Can an argument be made for the doctrine of limited atonement from these verses as they connect Christ's high priestly office with the atonement. And we know from John 17 that the Lord Jesus only intercedes as high priest for His Elect.


----------



## SeanPatrickCornell (Mar 9, 2021)

Yes, I believe this is in fact done.

Reactions: Like 1


----------



## hammondjones (Mar 9, 2021)

A typical phrase I hear with this line of argument is "half-priest".


Christopher Ness


> Christ must intercede on the behalf of those whom He hath reconciled to God by His death; and His intercession is a personal presenting of Himself to His Father on behalf of those whom He personated on the Cross.
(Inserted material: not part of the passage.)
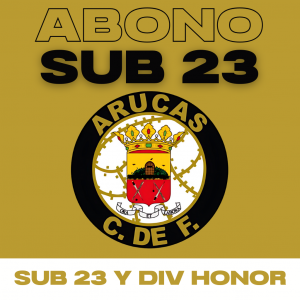 Abono Sub-23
We cannot say that there be some for whom Christ offered Himself upon earth but doth not intercede for in Heaven; *this would make Christ but a half-priest to some, and therefore not a faithful High Priest, contrary to sundry scriptures*, Isa 53:11,12; 1Jo 2:1,2; Heb 9:11,12, and Heb 10:19-21.



John Owen


> So, then, it is evident that both of these are acts of the same priestly office in Christ:. If he performs either of them for anyone, then he must of necessity perform the other one for them also. For he will not exercise any act or duty of his priestly function in behalf for anyone for whom he is not a priest. And for whom he is a priest, he must perform both, because he is faithful in the discharge of his function in the behalf of the sinners for whom he undertakes that office. These two, then, oblation and intercession, must be of equal extent with regard to their objects. They can by no means be separated. And here, by the way, I must ask those who oppose us about the death of Christ, whether they will agree that he intercedes for all or not.* If not, then they make him only half a priest.* If they will, then they must either defend their error that all will be saved, or they must own the blasphemy that Christ is not heard by his Father. Nor can Christ prevail in his intercession, which even the saints on earth are sure to do when they make their supplications according to the will of God, Rom. 8:27; 1Jn. 5:14. Besides that, it is expressly said that the Father always hears him, John 11:42. That was true when he was still in the flesh, and had not finished the great work he was sent to do. How much more is that true now, having done the will and finished the work of God? He now sits at the right hand of the Majesty on high! He desires and he requests that the promises that were made to him upon undertaking this work be accomplished.

Reactions: Like 1


----------



## VilnaGaon (Mar 9, 2021)

hammondjones said:


> A typical phrase I hear with this line of argument is "half-priest".
> 
> 
> Christopher Ness
> ...


Thanks for the quotes. I need to study John Owens Death of Death.

Reactions: Like 1


----------



## VilnaGaon (Mar 9, 2021)

SeanPatrickCornell said:


> Yes, I believe this is in fact done.


Thanks. More and more I am seeing how without the doctrine of limited atonement or the rest of TULIP, there is no Gospel

Reactions: Like 2


----------